*** Opening Entries shown ***

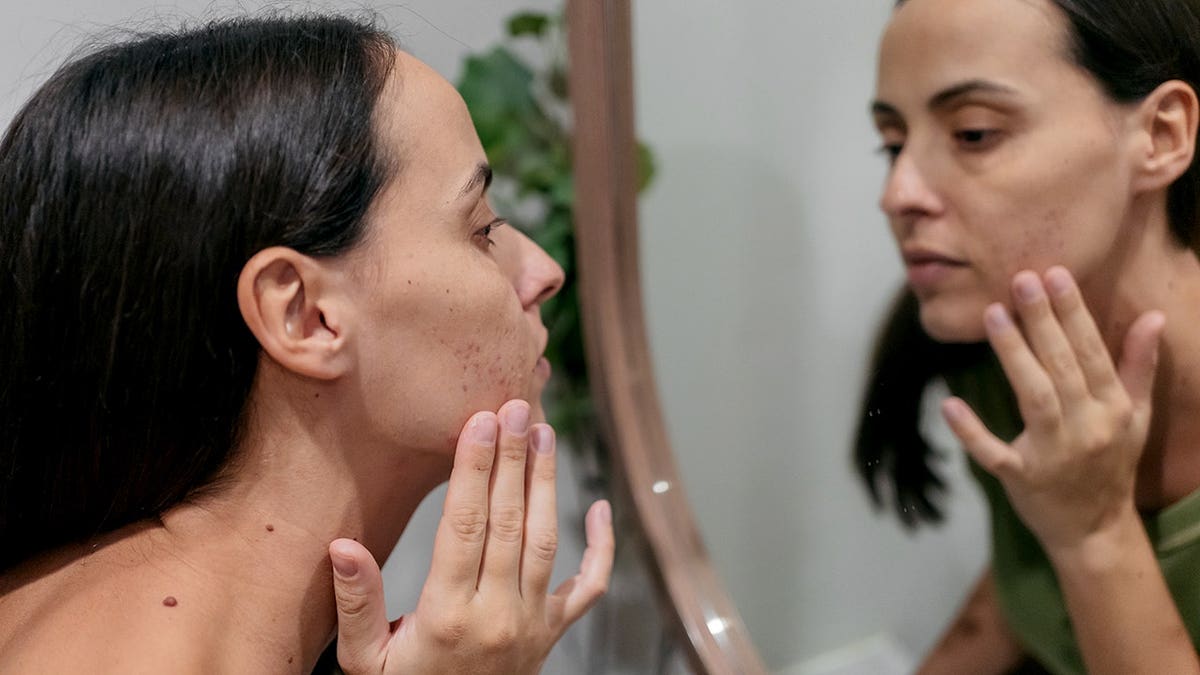 Woman applies acne scar cream to her face in a bathroom mirror.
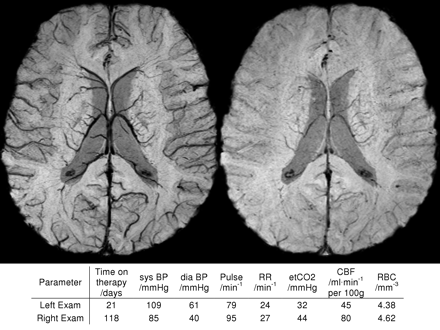 Fig 2.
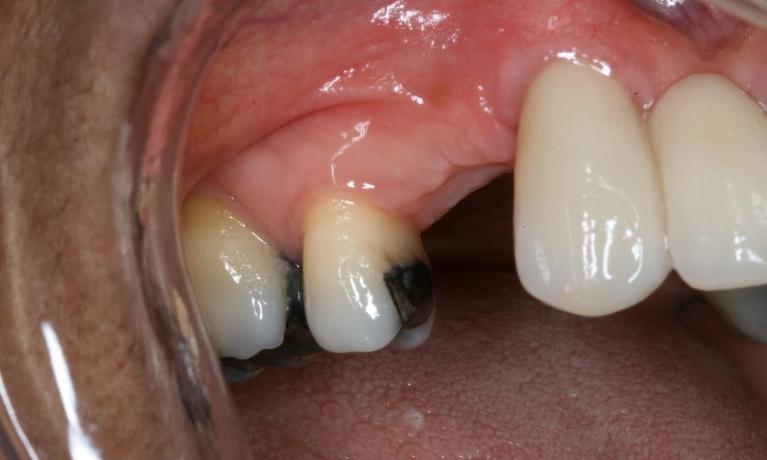 patient with missing tooth in midtown nyc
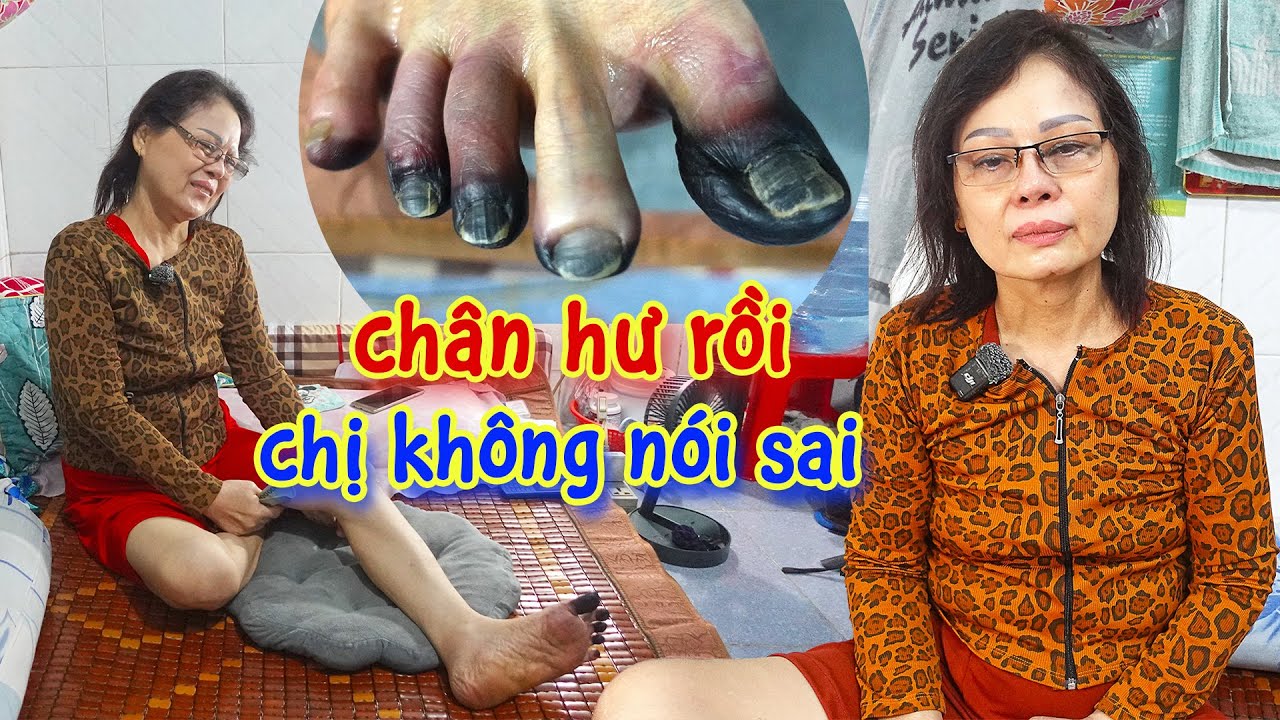 Quá Khổ Chị Loan Khẳng Định Không Ăn Chơi Trác Táng, Không Nói Sai Sự Thật.. Hành Hung Chồng Con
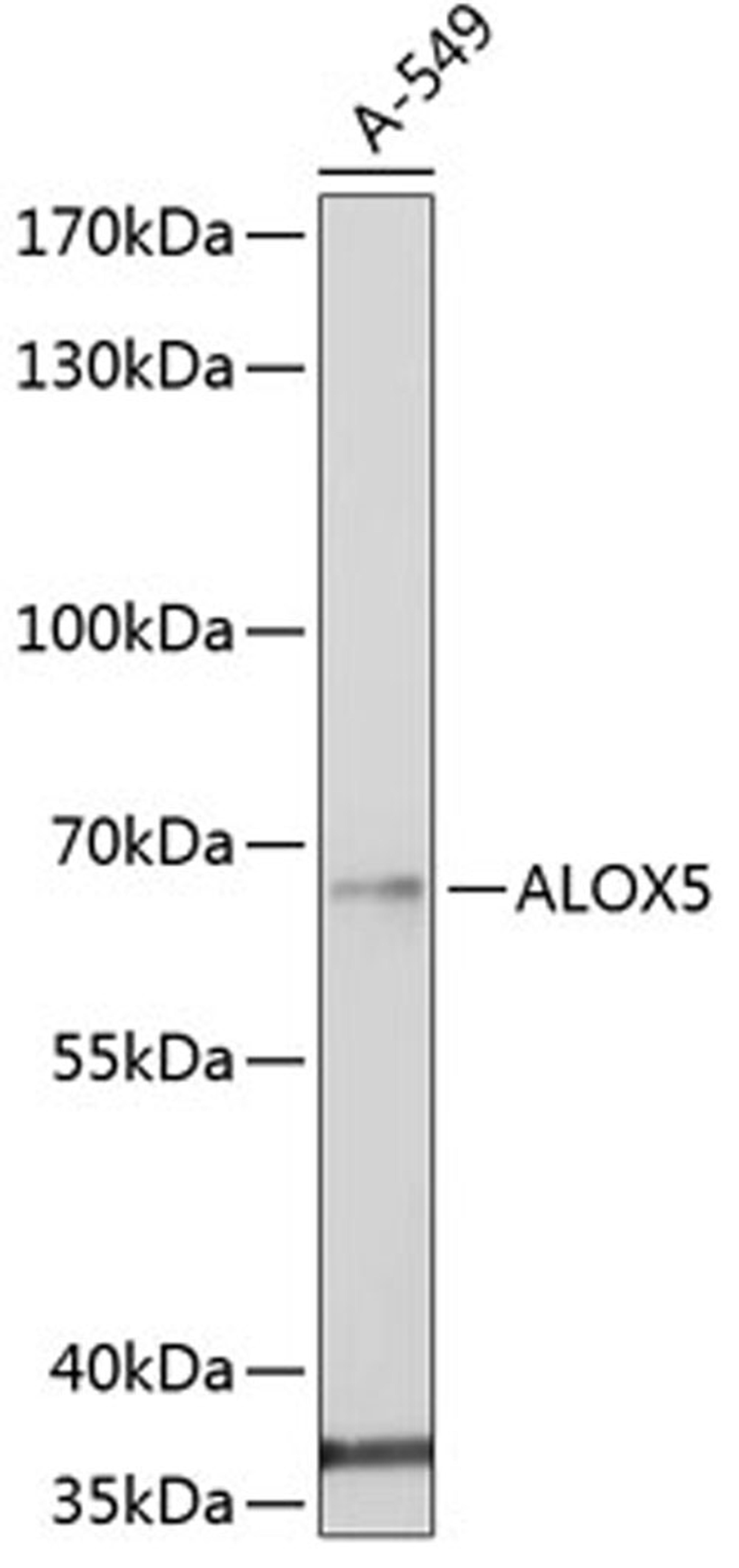 Western blot - ALOX5 antibody (A2158)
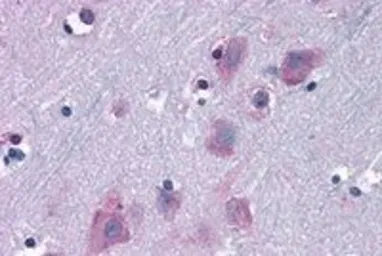 Anti-TRIM2 antibody, C-term used in IHC (Paraffin sections) (IHC-P). GTX89871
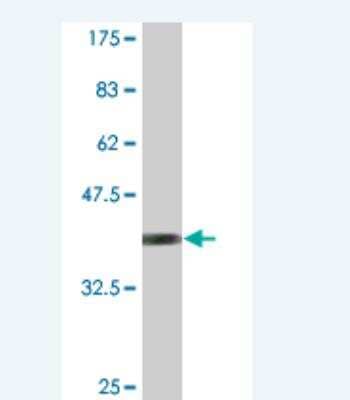 Western Blot: RPS14 Antibody (1B3) [H00006208-M01]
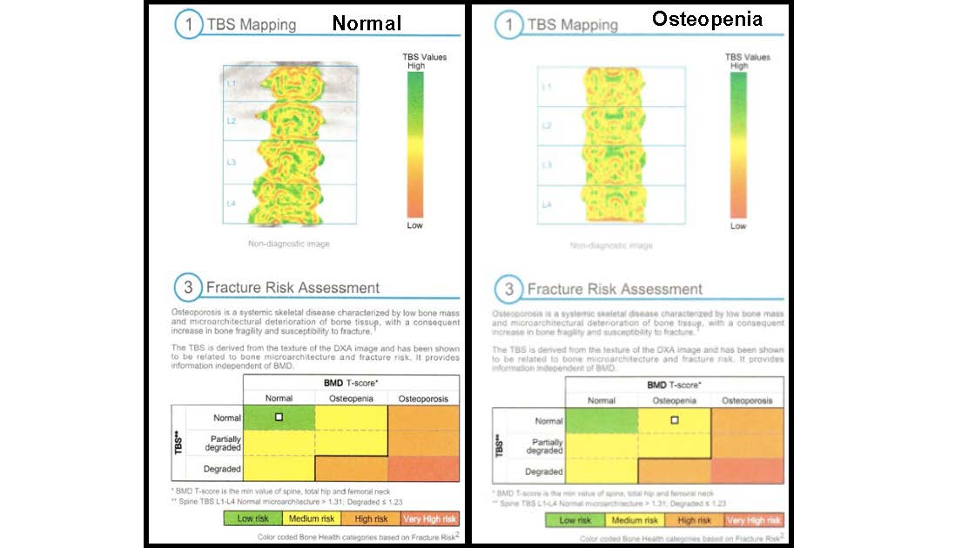 Bone health monitoring in athletes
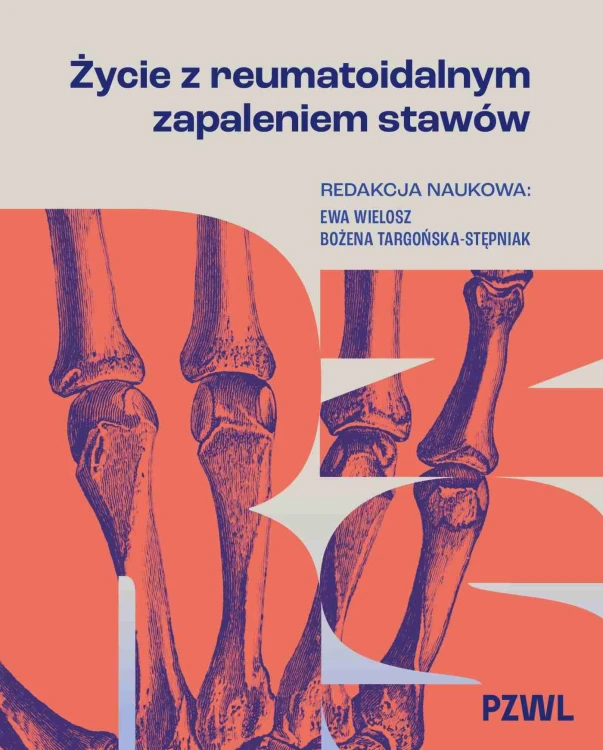 Życie z reumatoidalnym zapaleniem stawów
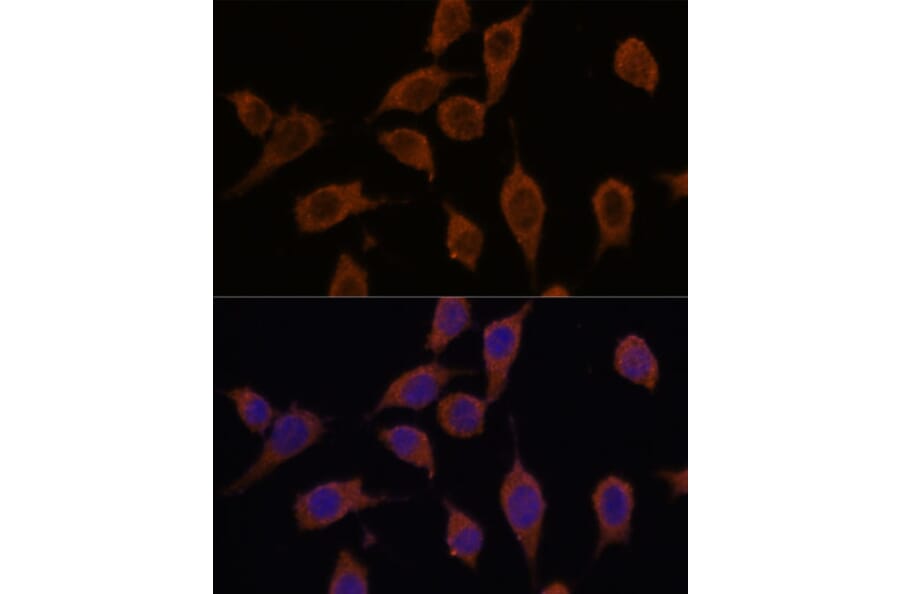 Immunofluorescence - Anti-SEC23IP Antibody (A92461) - Antibodies.com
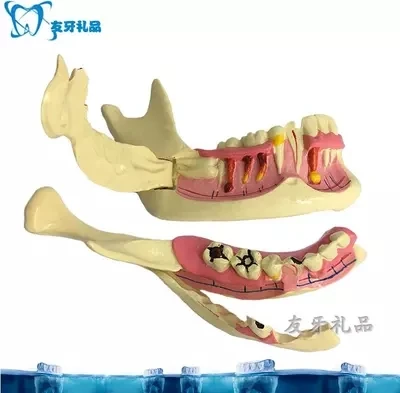 

tooth model right mandible decomposition model Oral model free shopping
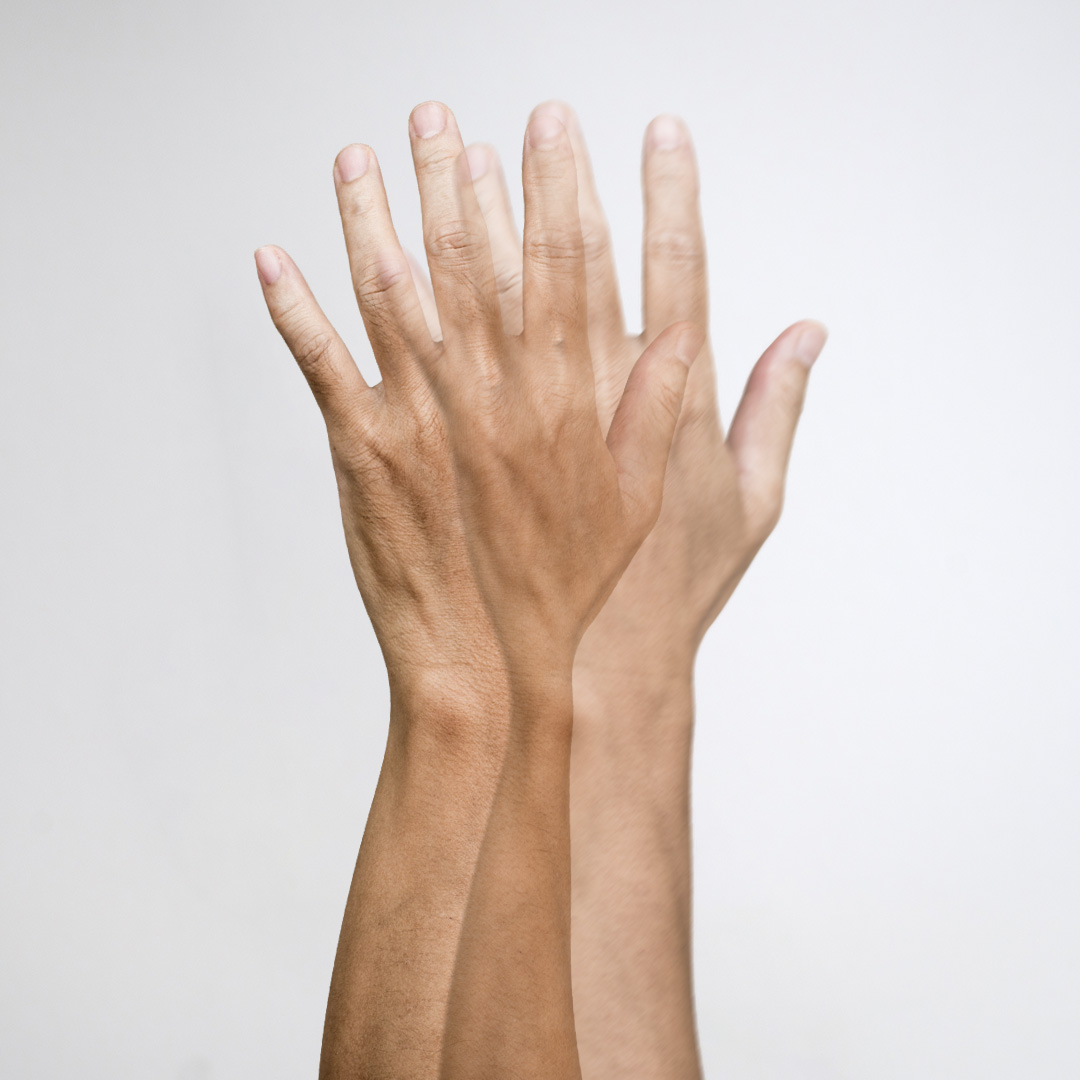 monokulinis dvejinimasis akyse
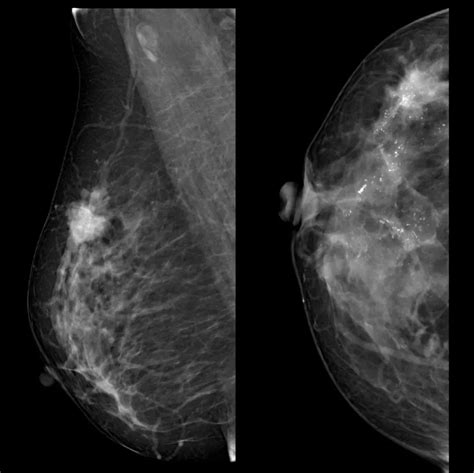 乳腺癌筛查：超声的优势和不足 - 丁香园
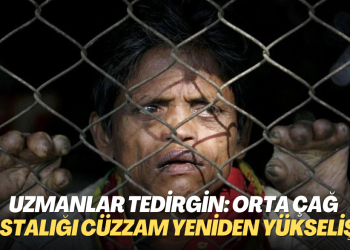 Uzmanlar tedirgin: Orta Çağ hastalığı cüzzam yeniden yükselişte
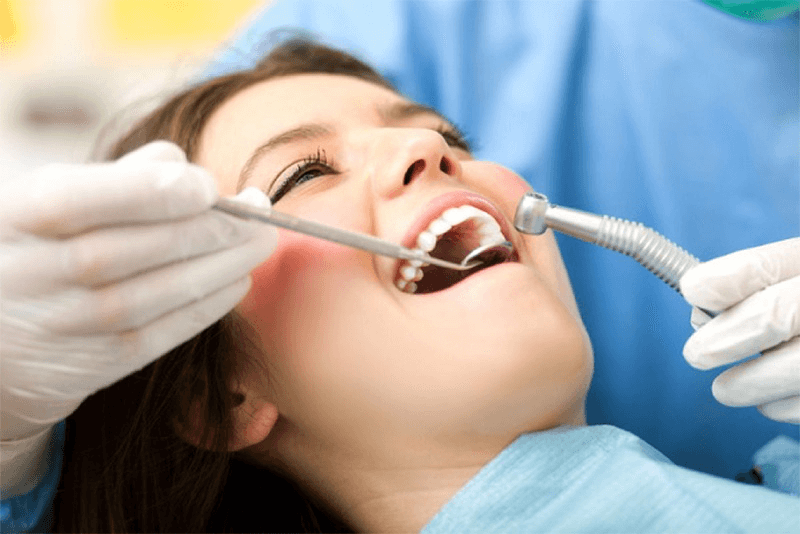 Lấy cao răng bị chảy máu có thể xảy ra ở một số đối tượng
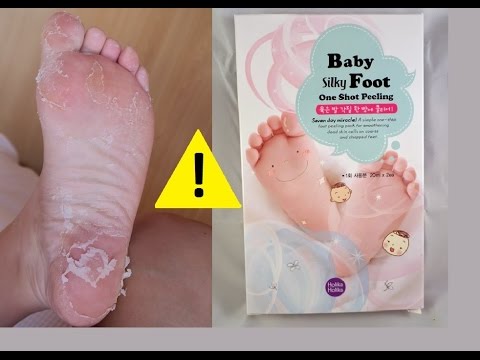 Buty ortopedyczne dla dzieci z koślawe zniekształcenie Orteke Kości na nogach. zatrzymać koślawa deformacja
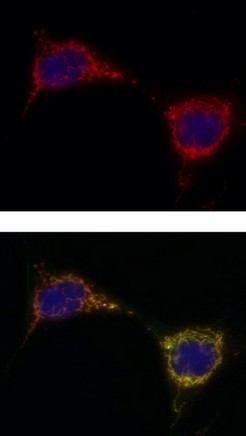 Immunocytochemistry/ Immunofluorescence - Anti-PCB antibody [3H2AD9] (AB110314), expandable thumbnail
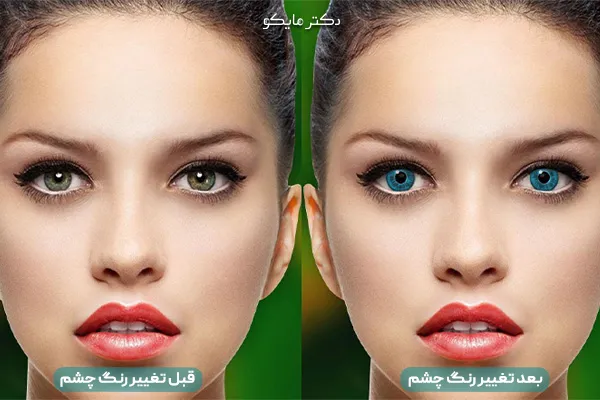 قطره تغییر رنگ چشم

*** Closing Entries shown ***

Reproduce the data above exactly, but only the lines from the one showing "Immunofluorescence - Anti-SEC23IP" through the one showing "Buty ortopedyczne dla", with both ends kept and the pictures left out.

# Answer
 Immunofluorescence - Anti-SEC23IP Antibody (A92461) - Antibodies.com

tooth model right mandible decomposition model Oral model free shopping
 monokulinis dvejinimasis akyse
 乳腺癌筛查：超声的优势和不足 - 丁香园
 Uzmanlar tedirgin: Orta Çağ hastalığı cüzzam yeniden yükselişte
 Lấy cao răng bị chảy máu có thể xảy ra ở một số đối tượng
 Buty ortopedyczne dla dzieci z koślawe zniekształcenie Orteke Kości na nogach. zatrzymać koślawa deformacja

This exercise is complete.